I won’t exactly come across as a visionary if I point out the real estate has been in the slumps for the past few years. By the way, just in case you missed it, water is wet. Now that I’m done stating the obvious, it’s time to start digging through some of the recent numbers that the National Association of Realtors (NAR) has been kicking out regarding the future of our industry. What they mean to the industry is sometimes not that obvious.
Let me start by pointing out that recent NAR missives are pointing at an increase in residential and commercial property sales. While this is certainly good news, it’s also that time of the year. While we can all certainly hope that this continues to trend upward, at present it looks like it’s going to do so slowly and considering the glut of inventory currently in market it could be a while before we start hearing any good numbers about new housing starts. That said, getting better is better than getting worse. Unfortunately, what these trends mean for real estate professionals who are currently in the trenches is uncertain.
Part of the good news is that the competition among Realtors who buy and sell houses has improved greatly due to a sharp decline in the number of licensed Realtors talking them on. According to various numbers released by the NAR and others, in 2006 there are approximately 1.4 million NAR members. I have also seen estimates as high as 2.6 million licensed realtors for that period of time. Today, again according to the NAR, that number is under 1 million.
According to the 2011 NAR member profile poll, while things are looking up a bit, Realtors really are working harder and making less. In fact, the median income of an average realtor dropped 4.5% last year to $34,100. This was preceded by a 3% decline in 2009. Those members who list themselves as broker/Realtors earned a median salary of $48,700 while sales agents earned an average of $24,900 in 2010. Even more disproportionate is that NAR members who’ve been in the business for two years or less earned a median income of $8,900 while those who’ve been in the business for 16 years or more earned $47,100. While good news for those agents who stick it out year after year, this raises a red flag not only for the challenges that new broker/Realtor’s face in entering this market but also is going to create a generational gap between home buyers and the professional Realtors there to help them.
For example, the 2011 member profile survey shows that the typical NAR member broker/Realtor is 56 years old. Only 3% of all Realtors are under the age of 30. While age may not be a huge factor in successful home selling, when you take into consideration that many home buyers are young people who are purchasing their first home, it’s quite possible that they will respond differently to agents closer to their age who have a good handle on alternative forms of finding and marketing homes through blogs, social media tools, specialized websites etc. Again, according to the member survey, only 10% of all Realtors claim to have a blog. Of those, 18% are between the ages of 30 and 39 while 16% are younger than 29. Likewise, 83% of agents under age 29 claim to use social media tools to help find and assists their clients compared to just 52% of agents between the ages of 50 and 59.

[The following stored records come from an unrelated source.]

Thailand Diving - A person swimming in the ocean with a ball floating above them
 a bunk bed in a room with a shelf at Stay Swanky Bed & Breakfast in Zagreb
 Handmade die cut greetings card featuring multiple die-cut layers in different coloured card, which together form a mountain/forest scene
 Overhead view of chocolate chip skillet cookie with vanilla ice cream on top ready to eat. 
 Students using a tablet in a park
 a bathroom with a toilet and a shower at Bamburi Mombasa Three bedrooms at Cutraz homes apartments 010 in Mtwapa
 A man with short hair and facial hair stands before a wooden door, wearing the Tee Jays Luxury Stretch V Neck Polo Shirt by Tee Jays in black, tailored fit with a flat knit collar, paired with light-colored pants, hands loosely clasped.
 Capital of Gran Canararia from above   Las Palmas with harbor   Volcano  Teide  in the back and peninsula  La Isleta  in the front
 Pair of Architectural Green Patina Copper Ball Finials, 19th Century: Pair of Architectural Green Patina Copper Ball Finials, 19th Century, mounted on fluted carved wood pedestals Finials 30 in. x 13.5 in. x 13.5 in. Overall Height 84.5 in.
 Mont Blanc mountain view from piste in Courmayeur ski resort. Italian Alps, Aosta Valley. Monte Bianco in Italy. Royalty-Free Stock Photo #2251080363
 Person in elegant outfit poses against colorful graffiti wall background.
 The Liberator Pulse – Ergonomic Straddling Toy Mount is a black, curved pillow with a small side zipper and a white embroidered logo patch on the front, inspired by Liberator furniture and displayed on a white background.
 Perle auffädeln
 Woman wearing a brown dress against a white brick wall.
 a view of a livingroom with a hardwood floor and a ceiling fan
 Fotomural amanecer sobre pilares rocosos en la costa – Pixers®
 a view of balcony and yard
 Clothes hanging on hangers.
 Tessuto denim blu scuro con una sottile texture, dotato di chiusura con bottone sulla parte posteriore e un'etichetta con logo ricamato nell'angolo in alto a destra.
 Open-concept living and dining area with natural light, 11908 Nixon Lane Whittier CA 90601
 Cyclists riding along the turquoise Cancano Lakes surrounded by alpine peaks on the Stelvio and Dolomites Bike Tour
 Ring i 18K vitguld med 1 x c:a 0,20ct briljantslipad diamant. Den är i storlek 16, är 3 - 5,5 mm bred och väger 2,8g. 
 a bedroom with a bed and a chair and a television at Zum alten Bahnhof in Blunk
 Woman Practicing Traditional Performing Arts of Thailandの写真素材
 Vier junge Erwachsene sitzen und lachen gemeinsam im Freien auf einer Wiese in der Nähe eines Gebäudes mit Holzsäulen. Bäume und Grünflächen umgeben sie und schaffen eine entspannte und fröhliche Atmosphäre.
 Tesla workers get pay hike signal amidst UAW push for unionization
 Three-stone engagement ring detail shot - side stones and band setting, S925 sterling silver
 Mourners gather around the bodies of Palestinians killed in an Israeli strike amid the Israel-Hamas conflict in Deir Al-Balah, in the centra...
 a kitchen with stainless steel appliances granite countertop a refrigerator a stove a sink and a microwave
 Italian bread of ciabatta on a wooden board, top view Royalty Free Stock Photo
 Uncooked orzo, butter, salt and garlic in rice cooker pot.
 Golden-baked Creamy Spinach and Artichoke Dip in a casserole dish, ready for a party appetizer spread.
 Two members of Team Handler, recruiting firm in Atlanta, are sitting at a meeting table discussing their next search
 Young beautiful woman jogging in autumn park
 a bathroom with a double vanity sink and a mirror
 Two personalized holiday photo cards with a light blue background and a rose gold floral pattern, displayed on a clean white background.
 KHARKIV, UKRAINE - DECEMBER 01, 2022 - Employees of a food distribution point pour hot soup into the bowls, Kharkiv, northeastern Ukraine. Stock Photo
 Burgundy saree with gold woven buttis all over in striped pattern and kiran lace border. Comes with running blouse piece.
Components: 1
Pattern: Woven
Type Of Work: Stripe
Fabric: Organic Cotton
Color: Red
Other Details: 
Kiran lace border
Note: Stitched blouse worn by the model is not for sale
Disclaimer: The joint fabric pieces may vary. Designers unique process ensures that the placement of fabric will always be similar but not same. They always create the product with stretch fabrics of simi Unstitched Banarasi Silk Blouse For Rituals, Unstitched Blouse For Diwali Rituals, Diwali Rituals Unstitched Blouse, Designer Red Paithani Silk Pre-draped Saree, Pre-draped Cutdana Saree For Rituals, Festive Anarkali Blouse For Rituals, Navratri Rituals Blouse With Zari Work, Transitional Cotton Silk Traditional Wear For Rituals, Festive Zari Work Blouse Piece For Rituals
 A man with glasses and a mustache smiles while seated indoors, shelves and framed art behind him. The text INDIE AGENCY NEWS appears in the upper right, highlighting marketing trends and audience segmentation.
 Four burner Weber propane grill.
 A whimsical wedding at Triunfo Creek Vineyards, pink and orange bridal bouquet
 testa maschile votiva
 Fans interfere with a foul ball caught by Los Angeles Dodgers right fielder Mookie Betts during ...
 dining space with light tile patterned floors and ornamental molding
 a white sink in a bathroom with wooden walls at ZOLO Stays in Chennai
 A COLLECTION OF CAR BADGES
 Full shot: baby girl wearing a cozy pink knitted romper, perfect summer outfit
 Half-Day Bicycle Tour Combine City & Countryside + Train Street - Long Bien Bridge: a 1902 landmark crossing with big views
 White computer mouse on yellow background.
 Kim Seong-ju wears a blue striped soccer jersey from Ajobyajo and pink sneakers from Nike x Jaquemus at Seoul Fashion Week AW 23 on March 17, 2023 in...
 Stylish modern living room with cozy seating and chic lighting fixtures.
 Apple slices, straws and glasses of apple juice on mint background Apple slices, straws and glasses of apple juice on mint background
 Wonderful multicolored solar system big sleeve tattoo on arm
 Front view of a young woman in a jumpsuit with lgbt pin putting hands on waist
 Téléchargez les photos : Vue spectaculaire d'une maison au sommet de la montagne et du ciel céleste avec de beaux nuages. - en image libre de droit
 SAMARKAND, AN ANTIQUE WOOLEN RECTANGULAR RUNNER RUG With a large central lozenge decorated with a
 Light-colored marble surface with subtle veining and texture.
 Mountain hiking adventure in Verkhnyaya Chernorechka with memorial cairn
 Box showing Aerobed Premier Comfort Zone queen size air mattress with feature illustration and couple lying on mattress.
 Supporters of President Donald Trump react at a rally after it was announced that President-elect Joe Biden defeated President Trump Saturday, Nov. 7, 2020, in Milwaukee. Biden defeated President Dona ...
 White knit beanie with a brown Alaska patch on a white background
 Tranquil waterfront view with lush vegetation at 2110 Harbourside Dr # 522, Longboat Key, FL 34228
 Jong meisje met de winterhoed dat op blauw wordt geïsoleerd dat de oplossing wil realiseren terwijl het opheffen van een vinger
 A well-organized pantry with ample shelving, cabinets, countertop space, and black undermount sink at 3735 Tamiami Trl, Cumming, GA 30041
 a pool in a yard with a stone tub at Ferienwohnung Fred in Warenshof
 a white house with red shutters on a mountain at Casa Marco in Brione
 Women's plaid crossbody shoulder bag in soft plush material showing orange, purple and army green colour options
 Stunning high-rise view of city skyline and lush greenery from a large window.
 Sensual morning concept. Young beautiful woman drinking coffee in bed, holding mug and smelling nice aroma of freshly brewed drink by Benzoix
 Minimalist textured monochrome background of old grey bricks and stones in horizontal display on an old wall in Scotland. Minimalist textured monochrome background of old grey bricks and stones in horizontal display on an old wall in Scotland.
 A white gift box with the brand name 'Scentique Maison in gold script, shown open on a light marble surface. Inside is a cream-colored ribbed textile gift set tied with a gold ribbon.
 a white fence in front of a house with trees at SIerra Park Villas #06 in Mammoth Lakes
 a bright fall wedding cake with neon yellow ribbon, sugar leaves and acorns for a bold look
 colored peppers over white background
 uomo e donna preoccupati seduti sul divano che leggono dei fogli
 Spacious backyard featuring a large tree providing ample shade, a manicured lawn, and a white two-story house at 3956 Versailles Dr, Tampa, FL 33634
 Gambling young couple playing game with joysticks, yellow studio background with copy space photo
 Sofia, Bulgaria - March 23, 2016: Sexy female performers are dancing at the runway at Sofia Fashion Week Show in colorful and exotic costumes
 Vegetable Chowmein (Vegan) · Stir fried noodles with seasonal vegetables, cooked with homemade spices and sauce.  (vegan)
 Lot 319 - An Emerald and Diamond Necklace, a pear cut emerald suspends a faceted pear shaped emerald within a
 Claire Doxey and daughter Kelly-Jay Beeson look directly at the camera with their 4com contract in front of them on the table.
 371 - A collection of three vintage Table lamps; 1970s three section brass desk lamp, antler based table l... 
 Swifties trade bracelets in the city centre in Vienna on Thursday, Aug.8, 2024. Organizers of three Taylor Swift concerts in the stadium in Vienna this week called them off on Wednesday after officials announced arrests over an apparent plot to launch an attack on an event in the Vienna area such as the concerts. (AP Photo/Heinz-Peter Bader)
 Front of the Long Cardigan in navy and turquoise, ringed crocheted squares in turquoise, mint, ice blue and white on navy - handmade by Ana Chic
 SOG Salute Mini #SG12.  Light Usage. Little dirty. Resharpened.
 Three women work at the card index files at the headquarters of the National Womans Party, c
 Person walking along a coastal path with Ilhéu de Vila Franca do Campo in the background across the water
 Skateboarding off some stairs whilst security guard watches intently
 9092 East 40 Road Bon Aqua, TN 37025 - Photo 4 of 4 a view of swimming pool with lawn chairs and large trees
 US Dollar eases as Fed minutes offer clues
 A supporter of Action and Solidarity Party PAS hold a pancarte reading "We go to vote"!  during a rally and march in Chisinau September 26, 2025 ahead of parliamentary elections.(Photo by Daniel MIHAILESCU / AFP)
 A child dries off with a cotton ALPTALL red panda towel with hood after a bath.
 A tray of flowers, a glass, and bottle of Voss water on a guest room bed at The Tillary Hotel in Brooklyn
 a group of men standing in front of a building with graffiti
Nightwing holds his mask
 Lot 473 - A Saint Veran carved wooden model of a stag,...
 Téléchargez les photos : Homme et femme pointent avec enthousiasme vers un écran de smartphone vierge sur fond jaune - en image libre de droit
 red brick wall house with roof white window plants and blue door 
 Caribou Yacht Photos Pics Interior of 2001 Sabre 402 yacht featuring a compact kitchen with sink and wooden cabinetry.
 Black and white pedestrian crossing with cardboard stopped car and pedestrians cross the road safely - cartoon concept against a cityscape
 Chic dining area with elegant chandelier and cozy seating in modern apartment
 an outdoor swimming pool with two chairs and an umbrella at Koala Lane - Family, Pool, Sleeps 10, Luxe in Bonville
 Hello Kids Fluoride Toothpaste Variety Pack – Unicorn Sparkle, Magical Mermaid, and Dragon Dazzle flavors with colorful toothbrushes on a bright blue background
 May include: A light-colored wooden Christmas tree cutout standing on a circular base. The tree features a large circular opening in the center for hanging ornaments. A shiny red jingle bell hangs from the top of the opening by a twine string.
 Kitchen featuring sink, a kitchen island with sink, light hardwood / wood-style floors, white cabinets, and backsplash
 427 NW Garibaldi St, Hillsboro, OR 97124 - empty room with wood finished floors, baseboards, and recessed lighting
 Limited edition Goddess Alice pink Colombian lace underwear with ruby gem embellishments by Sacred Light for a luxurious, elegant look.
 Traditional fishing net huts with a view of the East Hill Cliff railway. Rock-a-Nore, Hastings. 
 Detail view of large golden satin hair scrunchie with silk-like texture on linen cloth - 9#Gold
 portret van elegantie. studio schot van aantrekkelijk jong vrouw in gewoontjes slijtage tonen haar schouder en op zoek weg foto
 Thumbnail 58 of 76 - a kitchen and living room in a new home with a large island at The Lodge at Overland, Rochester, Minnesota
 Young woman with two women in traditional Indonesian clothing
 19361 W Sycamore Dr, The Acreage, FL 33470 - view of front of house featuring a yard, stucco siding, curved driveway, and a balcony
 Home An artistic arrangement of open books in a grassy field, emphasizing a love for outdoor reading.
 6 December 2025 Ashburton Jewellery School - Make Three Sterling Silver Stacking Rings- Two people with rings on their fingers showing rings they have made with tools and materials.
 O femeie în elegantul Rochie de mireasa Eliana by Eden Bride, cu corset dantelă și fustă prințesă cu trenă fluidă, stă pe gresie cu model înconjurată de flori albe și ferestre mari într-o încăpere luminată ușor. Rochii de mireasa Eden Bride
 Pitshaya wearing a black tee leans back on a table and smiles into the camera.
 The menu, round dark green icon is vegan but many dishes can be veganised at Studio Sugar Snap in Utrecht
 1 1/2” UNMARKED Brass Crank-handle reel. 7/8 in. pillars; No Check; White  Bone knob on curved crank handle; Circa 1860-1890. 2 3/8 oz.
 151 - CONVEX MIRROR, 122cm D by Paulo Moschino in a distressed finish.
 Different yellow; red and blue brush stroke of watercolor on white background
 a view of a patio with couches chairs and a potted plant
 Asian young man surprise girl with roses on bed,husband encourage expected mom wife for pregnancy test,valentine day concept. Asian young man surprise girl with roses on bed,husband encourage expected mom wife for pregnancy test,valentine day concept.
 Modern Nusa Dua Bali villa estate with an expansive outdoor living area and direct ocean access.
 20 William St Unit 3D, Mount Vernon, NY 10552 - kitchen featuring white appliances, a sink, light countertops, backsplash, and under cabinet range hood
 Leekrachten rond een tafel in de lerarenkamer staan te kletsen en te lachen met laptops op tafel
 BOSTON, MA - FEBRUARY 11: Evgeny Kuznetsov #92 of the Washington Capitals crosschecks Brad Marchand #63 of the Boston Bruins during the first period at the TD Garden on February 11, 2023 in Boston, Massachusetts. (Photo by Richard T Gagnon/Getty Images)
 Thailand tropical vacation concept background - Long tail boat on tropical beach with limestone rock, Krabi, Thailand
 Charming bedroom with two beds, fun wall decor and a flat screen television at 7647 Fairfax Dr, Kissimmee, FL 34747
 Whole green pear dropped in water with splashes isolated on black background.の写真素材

My intention is not to be ageist, but to point out that as markets change the need for members to be flexible needs to change as well. The bottom line is that if your clients are going to use certain approaches to find a new home or to sell their existing ones, agents need to be aware of these tools and methodologies in order to meet those clients in the right place.
As people much wiser than me have pointed out “this too shall pass”. Where we are today is not we’re going to be in the future. The good news is that we’ve hit the bottom and were looking up. The bad news is that it’s still a tough slog and for many people it’s a hard way to make a living. That said, the passion that most agents have for the work they do has less to do with their paychecks and more to do with the services they provide their clients and the challenges that keep them fresh and viable the marketplace. By staying flexible, keeping a positive outlook and looking for ways to create opportunities, we can continue to rebuild this industry and make it a positive experience for everybody.